EXERCISE DATA:
· · ·

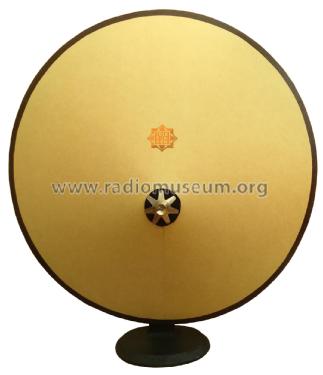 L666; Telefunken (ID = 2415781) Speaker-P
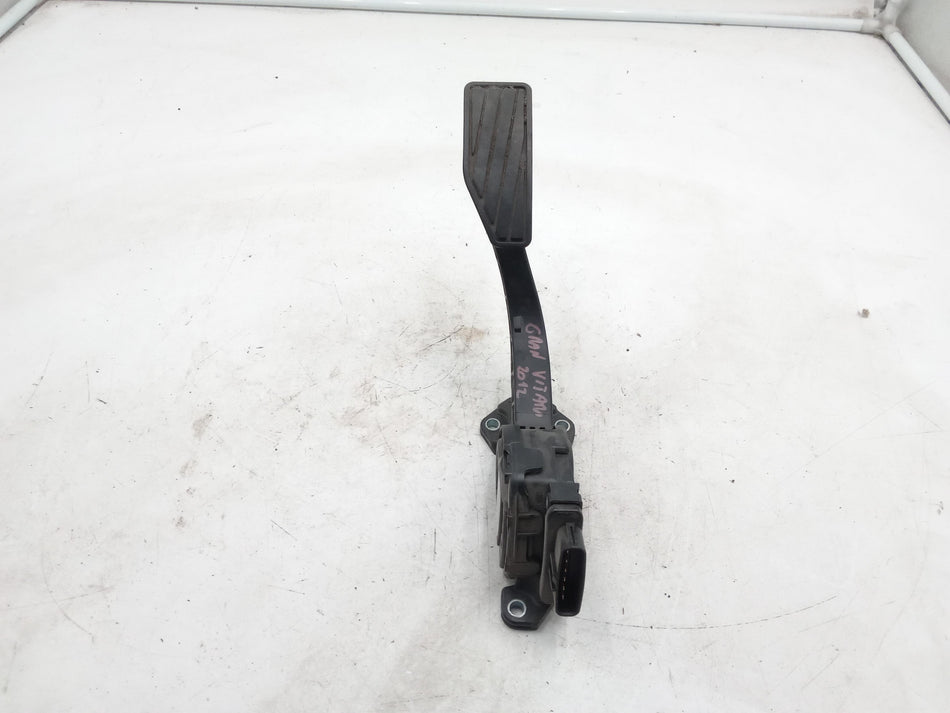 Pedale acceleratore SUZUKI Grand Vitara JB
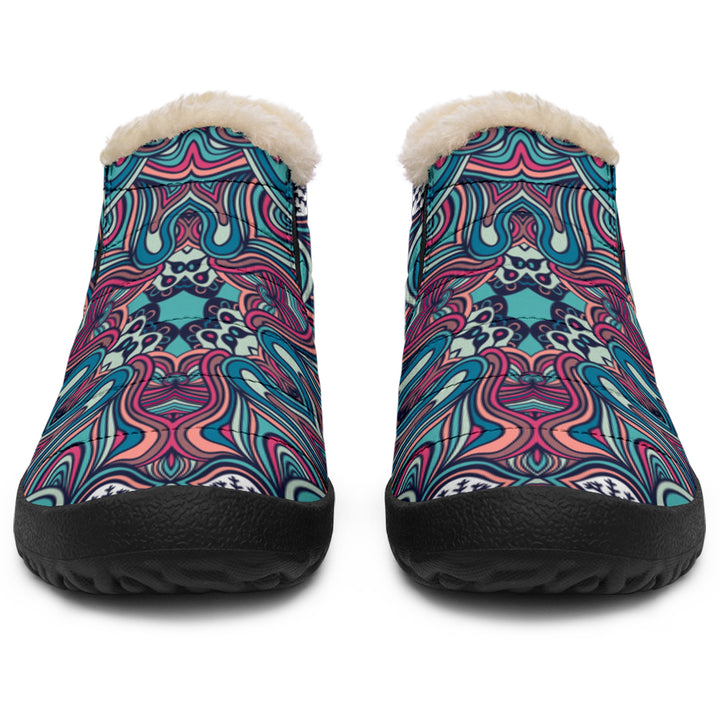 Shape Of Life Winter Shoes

· · ·

TASK DIRECTIONS: Leave out the pictures, then reproduce exactly the run of lines from the one that contains "Pedale acceleratore SUZUKI Grand Vitara JB" to the final line of the listing above.

PROBLEM SOLUTION:
 Pedale acceleratore SUZUKI Grand Vitara JB
 Shape Of Life Winter Shoes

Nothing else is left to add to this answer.